Two new working papers present complementary data showing that the coronavirus pandemic will leave a deep psychological scar on the nation for years to come.

The first, led by Julian Kozlowski of the Federal Reserve Bank of St. Louis, finds that the experience of the coronavirus and ensuing recession could make people and businesses less likely to resume their previous spending and investment patterns, which would have an extended stunting effect on economic growth.

The second, led by Cevat Giray Aksoy of the European Bank for Reconstruction and Development, finds that people who endure a pandemic in young adulthood tend to be more distrustful of government institutions for the rest of their lives, an outcome that makes it more difficult for governments to effectively respond to future pandemics.

Taken together, the studies bolster a view increasingly voiced by experts: there may never be a “return to normal.” Rather, the ill effects of the pandemic will resonate long after an effective coronavirus treatment is discovered.

The first paper, by Kozlowski and his colleagues, investigates the likelihood of a covid-19 “scarring effect,” or a “persistent change in beliefs about the probability of an extreme, negative shock to the economy.” Severe economic events such as the Great Recession have caused individuals, institutions and businesses to permanently change behavior. Experiencing one recession, for instance, makes people sensitive to the possibility of another.

The authors construct a complicated economic model to quantify how this scarring process may work in the context of the current crisis, incorporating data on the economic damage to date, the likely spread of the virus in the future, and how policy responses have altered those parameters.

They concluded that the bulk of the economic damage will not come from short-term impacts, such as job losses and business closures, but rather from long-term effects. If the pandemic costs the U.S. economy between 6 and 9 percent of gross domestic product in 2020, for instance, the authors expect the long-term losses from behavioral changes, such as reduced business investment and lower consumer spending, to be between five and six times as large.

As with other research examining the effects of the pandemic on fertility, these economic losses would be permanent. “Even if a vaccine cures everyone in a year, the Covid-19 crisis will leave its mark on the US economy for many years to come,” the authors wrote.

Similarly lasting effects are visible in the realm of politics in the second paper. Aksoy and his colleagues combine a global database of epidemics since 1970 with country-level Gallup survey data on trust in institutions. Their primary research question: How does the experience of an infectious-disease outbreak in a person’s young adulthood shape their trust in institutions later in life?

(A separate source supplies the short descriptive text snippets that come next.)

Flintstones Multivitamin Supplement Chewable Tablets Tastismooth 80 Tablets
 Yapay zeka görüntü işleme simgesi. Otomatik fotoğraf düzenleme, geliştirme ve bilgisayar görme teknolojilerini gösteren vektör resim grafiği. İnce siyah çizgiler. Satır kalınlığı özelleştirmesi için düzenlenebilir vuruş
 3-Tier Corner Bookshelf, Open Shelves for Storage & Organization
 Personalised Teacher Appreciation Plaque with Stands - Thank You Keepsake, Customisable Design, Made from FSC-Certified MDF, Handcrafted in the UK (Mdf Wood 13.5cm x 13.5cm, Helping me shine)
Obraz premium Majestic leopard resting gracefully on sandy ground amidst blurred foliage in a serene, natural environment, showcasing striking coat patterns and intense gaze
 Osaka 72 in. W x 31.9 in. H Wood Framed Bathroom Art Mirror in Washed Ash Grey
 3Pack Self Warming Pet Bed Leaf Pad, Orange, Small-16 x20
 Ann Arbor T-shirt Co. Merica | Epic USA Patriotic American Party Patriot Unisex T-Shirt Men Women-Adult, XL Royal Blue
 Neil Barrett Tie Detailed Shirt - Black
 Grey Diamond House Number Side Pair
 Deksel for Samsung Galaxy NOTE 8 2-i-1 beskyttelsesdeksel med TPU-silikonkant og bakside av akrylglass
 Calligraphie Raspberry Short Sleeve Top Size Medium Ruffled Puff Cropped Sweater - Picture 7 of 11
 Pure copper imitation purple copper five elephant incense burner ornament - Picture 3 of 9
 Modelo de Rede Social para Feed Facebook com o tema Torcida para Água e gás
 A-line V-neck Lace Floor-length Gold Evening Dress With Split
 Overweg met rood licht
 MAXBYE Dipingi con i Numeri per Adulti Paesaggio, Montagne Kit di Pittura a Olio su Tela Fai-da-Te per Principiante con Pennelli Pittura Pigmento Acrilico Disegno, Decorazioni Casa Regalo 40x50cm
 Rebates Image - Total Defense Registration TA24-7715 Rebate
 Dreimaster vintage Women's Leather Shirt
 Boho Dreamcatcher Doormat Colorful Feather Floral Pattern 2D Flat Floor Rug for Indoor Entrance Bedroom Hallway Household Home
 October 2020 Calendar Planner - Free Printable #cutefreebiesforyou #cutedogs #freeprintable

The findings are substantial: “An individual with the highest exposure to an epidemic (relative to zero exposure) is 7.2 percentage points less likely to have confidence in the honesty of elections; 5.1 percentage points less likely to have confidence in the national government; and 6.2 percentage points less likely to approve the performance of the political leader,” the authors wrote.

The general population averages for those values hover around 50 percent, so that represents more than a 10 percent reduction in trust.

“Citizens expect democratic governments to be responsive to their health concerns,” study co-author Orkun Saka wrote in an email, “and where the public-sector response is not sufficient to head off the epidemic, they revise their views in unfavorable ways.”

The authors contend such an erosion of trust can become self-reinforcing. “One can envisage a scenario where low levels of trust allow an epidemic to spread,” the study noted in its conclusion, “and where the spread of the epidemic reduces trust in government still further, hindering the ability of the authorities to contain future epidemics and address other social problems.”

“When I wrote that passage I was thinking about the United States,” co-author Barry Eichengreen said in an email. “The mixed messaging we’ve been getting about the pandemic from our leaders in this country is having a negative impact on trust in government and public policy.”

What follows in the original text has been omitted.